Daily Archives: February 2, 2017

2 February 1982

An Aeroflot Mil Mi-26 at Farnborough, 1984.
An Aeroflot Mil Mi-26 at Farnborough, 1984. (MilborneOne)

2—4 February 1982: Over a three-day period, several flight crews set a series of Fédération Aéronautique Internationale (FAI) payload-to-altitude world records at Podmoskovnoe. They flew an OKB Mil Design Bureau Mi-26 heavy lift helicopter.

On 2 February, Gurgen Rubenovich Karapetian and Y. Chapaev flew to 6,400 meters (20,997 feet) with a 10,000 kilogram (22,046.2 pound) payload.

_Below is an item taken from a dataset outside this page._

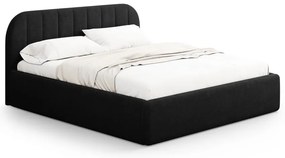 Letto matrimoniale imbottito nero con contenitore con rete inclusa 200x200 cm Juno – Windsor &amp; Co Sofas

FAI Record File Num #9902 [Direct Link]
Status: ratified – current record
Region: World
Class: E (Rotorcraft)
Sub-Class: E-1 (Helicopters)
Category: General
Group: 2 : turbine
Type of record: Altitude with 10 000 kg payload
Performance: 6 400 m
Date: 1982-02-02
Course/Location: Podmoskovnoe (USSR)
Claimant G. Karapetian (URS)
Crew Y. CHAPAEV
Rotorcraft: MIL Mi-26
Engines: 2 Lotarev D-136

The Mil Mi-26 (NATO code name: Halo) first flew on 25 October 1977. It is a twin-engine heavy-lift helicopter, normally operated by a flight crew of five, and can carry up to 90 passengers.

The Mi-26 is 40.025 meters (131 feet, 3¾ inches) long, with all rotors turning, and has a height of 8.145 meters (26 feet, 8¾ inches). The eight-bladed main rotor has a diameter of 32.00 meters (105 feet) and turns clockwise, as seen from above. (The advancing blade is on the left.) A five-bladed tail rotor is mounted on a pylon, to the right side of the aircraft, in a tractor configuration. It turns clockwise, as seen from the helicopter’s left.

The helicopter has an empty weight of 28,200 kilograms (62,170 pounds), gross weight of 49,600 kilograms (109,350 pounds) and maximum weight of 56,000 kilograms (123,450 pounds). The fuel capacity is 12,000 liters (3,200 gallons).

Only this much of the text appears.